How to compress map data by by 99.9998%


Unlike every other location-based game with Points of Interest, Weekend Space Command (Prototype) uses a built-in data set of about 8 million PoIs. Most of the big LBGs games you can name use some API from Google Maps, Mapbox, or handle their own copy of OSM data to sort out places worth going to. Most offline locative games just settle for using a grid and randomizing each square in it. So how does WSC(P) manage to fit a global usable data set in between the existing options of "everything from a server" and "nothing"? 

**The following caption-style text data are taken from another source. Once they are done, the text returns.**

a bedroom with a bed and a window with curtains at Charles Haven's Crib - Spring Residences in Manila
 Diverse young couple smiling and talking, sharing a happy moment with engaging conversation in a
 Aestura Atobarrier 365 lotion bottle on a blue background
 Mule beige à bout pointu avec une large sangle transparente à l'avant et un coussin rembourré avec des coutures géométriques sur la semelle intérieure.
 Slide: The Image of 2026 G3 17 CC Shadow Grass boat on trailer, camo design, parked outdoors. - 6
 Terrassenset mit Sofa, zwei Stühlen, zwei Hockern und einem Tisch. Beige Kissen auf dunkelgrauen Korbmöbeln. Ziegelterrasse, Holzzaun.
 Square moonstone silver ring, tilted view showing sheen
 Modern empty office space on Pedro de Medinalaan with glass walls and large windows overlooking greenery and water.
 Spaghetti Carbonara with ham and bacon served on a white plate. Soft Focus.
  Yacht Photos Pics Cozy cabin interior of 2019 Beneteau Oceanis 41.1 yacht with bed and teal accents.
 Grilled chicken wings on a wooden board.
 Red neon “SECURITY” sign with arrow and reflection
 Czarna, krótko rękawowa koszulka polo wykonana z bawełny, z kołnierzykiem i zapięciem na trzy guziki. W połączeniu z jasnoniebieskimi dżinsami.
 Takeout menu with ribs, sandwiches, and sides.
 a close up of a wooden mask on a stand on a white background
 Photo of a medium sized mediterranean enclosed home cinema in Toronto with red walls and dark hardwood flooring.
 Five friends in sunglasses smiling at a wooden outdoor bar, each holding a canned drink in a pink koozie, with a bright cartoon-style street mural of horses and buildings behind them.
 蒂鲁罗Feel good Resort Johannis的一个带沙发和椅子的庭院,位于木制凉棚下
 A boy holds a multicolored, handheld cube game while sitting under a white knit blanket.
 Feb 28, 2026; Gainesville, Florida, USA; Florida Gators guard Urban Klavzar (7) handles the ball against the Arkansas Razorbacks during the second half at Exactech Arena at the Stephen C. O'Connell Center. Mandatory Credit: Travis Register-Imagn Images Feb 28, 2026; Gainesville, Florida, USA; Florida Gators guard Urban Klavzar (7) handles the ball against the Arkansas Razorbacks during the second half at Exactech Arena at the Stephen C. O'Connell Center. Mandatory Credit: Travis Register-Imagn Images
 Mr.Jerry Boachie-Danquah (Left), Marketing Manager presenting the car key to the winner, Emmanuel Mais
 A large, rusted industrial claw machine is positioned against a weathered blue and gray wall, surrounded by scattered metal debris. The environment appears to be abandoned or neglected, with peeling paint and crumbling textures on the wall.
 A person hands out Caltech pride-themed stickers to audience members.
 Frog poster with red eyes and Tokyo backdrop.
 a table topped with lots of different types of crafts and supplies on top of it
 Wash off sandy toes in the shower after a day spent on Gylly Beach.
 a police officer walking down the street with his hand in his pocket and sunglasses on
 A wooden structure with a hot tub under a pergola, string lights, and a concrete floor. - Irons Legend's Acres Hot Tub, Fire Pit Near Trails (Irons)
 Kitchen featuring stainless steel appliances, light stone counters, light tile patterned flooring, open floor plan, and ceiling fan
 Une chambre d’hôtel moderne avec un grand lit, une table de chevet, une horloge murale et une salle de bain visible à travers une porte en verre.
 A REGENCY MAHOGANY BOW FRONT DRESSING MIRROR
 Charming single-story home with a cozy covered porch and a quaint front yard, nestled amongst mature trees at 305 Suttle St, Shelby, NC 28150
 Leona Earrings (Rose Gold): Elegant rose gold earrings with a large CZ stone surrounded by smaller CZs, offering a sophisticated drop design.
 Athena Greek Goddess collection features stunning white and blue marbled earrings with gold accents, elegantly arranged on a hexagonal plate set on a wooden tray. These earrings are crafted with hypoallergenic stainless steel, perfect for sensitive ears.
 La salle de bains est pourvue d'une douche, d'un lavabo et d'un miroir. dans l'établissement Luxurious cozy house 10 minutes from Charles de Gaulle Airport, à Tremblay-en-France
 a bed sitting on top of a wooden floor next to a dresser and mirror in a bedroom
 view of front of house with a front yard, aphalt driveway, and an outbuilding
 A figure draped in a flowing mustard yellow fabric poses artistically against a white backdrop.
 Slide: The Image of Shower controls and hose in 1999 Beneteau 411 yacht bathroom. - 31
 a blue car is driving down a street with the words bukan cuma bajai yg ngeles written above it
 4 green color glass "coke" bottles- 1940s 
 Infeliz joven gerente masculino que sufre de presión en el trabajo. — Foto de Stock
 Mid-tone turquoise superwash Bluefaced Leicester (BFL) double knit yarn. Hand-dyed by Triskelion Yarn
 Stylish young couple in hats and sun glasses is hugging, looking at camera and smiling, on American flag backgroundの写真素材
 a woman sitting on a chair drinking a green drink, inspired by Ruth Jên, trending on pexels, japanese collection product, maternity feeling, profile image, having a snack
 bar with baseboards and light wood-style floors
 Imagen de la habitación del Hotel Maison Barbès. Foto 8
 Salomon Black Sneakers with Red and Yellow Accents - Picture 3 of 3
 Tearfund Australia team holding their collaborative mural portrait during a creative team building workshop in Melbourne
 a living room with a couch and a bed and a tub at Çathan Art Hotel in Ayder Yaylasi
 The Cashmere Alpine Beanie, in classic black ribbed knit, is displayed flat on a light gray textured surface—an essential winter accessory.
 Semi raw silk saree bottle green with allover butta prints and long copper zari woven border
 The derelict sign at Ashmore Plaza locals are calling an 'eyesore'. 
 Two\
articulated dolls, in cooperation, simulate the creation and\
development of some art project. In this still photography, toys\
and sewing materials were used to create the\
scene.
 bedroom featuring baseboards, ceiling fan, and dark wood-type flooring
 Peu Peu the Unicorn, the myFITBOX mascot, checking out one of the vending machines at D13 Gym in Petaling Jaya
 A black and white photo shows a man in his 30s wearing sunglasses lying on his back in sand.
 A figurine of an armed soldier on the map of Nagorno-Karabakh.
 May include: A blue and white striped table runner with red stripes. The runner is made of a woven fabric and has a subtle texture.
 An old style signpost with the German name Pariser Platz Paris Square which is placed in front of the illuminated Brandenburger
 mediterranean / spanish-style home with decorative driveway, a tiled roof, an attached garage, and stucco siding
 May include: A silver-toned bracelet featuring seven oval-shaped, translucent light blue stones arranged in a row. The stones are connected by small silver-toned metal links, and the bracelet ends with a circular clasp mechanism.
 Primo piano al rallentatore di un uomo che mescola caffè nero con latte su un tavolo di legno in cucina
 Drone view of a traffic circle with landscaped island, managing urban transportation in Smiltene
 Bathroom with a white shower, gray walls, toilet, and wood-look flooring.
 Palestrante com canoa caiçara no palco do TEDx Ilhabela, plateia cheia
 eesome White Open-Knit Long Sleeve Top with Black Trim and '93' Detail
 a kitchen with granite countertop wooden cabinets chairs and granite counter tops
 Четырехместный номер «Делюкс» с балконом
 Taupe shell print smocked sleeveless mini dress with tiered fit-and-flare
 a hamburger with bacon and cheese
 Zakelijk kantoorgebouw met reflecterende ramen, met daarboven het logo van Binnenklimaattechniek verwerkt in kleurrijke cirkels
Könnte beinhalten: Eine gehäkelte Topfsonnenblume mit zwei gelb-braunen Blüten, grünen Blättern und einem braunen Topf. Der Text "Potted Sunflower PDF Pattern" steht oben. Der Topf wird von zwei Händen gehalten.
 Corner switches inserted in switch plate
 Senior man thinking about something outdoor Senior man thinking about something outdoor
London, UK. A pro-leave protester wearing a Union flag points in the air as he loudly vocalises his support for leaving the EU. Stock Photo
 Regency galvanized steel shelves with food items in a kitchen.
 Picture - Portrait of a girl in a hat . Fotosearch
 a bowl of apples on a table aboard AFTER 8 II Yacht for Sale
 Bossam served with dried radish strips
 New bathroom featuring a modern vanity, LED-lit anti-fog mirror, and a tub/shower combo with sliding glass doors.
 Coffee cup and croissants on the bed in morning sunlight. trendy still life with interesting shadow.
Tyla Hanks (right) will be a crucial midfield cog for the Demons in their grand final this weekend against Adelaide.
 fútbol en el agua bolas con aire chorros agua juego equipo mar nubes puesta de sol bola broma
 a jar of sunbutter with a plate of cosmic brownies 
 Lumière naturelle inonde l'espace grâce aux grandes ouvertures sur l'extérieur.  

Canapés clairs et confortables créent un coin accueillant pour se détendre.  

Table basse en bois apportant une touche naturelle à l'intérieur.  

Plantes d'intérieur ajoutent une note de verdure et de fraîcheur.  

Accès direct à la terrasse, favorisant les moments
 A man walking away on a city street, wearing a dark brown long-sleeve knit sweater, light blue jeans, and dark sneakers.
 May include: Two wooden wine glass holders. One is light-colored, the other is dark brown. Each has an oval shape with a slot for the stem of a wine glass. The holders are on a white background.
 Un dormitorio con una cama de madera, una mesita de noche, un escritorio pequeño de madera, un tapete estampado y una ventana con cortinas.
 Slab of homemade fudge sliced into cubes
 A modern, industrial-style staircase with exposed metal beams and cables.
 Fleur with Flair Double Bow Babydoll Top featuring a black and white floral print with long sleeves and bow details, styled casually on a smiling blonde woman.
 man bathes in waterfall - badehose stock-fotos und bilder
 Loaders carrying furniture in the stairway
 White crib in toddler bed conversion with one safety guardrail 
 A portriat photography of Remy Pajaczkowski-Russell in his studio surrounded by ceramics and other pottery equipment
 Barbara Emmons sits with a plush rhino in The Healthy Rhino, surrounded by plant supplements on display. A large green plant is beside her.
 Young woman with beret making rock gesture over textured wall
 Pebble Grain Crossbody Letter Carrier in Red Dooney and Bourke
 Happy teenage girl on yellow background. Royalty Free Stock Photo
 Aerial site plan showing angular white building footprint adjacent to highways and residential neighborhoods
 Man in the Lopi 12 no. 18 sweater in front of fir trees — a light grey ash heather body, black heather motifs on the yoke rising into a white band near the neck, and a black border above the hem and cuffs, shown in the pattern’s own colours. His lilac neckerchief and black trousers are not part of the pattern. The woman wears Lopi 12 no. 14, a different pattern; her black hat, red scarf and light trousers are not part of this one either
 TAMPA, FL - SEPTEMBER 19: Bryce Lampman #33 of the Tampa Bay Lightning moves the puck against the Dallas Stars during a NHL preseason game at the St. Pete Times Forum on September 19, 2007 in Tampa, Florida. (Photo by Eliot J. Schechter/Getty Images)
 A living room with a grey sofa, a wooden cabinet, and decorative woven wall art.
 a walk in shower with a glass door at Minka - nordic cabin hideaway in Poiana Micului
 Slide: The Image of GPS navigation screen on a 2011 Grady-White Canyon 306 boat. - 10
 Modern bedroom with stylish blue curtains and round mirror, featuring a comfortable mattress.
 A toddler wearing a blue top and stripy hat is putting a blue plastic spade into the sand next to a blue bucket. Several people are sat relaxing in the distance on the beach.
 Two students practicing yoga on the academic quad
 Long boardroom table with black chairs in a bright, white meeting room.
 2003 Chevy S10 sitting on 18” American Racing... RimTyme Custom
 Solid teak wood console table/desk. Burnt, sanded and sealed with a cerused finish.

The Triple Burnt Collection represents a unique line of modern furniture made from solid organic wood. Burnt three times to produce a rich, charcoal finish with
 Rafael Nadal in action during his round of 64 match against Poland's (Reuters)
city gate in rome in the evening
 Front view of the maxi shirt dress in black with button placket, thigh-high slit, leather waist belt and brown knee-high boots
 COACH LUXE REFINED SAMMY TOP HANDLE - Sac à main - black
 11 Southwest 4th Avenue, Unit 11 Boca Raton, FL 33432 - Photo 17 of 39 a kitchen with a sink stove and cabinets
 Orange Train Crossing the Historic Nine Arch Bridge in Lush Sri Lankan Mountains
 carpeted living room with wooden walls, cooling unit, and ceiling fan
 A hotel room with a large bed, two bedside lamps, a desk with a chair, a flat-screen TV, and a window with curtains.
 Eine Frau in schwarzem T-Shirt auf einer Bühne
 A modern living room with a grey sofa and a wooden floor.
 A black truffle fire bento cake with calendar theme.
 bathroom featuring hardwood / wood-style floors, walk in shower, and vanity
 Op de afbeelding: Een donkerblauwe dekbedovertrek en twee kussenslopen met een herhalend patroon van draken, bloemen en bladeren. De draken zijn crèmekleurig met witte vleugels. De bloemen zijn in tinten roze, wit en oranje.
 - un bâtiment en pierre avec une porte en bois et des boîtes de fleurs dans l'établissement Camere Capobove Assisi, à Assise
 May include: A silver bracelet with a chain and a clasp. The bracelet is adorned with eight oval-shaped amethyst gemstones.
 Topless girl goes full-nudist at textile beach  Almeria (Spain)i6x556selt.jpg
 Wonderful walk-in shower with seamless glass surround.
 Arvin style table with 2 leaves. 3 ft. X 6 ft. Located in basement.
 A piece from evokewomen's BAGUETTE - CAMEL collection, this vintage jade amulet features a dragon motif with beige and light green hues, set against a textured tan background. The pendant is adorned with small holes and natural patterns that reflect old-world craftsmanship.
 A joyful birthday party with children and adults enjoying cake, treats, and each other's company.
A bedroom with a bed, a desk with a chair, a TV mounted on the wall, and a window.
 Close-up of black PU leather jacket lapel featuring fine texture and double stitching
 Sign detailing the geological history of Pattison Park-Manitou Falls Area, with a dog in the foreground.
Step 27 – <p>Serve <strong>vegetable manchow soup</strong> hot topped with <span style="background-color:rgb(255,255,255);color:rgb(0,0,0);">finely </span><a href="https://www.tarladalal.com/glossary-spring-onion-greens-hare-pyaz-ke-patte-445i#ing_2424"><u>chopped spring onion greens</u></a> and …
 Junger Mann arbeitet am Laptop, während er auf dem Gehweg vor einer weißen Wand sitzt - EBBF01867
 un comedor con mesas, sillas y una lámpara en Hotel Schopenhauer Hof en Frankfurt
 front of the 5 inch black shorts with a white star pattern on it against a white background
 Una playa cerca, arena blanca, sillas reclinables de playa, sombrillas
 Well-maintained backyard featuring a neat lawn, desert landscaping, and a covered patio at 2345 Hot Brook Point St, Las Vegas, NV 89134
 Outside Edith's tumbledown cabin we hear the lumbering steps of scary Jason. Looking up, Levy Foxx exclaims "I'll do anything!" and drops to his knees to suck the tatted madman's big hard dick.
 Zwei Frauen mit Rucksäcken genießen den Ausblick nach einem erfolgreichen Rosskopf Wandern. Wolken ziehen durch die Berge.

We start with OpenStreetMap and its full dataset, planet.osm. Using PraxisMapper to convert that into a usable format, the global OSM data set is about 1.2TB in size. Goal 1 is to trim this down into a set of meaningful Places of Interest. The ideal places to go to for a game should be publicly accessible, traversable, cost nothing to visit, and have something to see, do, or learn. We cannot guarantee all of these are true for each individual place in the data set, and some places may have a different balance of these factors.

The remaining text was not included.